What I want to do is basically split X
in such a way that X[i]
goes into sub-array k_ar[i]
. The O(n)
way to do this would be the following:
X = [5, 1, 3, 2, 2, 1]
k_ar = [0, 1, 0, 1, 2]
K = max(k_ar) + 1
sub_X = [[] for k in range(K)]
for k, x in zip(k_ar, X):
sub_X[k].append(x)
Although this is the ideal algorithm to do this kind of thing, I was wondering if Numpy, Scipy or any other library had a faster way of doing it.
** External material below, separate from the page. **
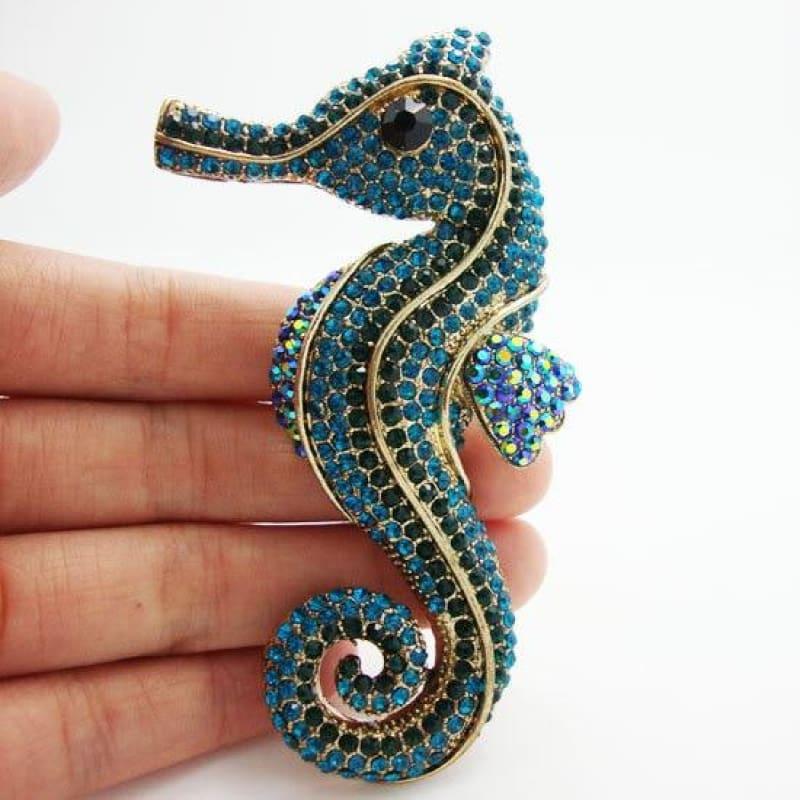 TTjewelry Pretty Fashion lovely retro Blue crystal rhinestone brooch pins hippocampus Seabed animals - Default title - Brooch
I could, for example, do this, but it is O(nK)
instead of O(n)
, and so sub-optimal for large K
, although very fast in n
:
import numpy as np
X = np.ndarray([5, 1, 3, 2, 2, 1], dtype=np.int8)
k_ar = np.ndarray([0, 1, 1, 0, 1, 2], dtype=np.int8)
K = max(k_ar)
sub_X = np.empty(K, dtype=np.ndarray)
for k in range(K):
sub_X[k] = X[k_ar == k]
So, again, is there a way of speeding this up without using e.g. Numba, Cython or PyPy?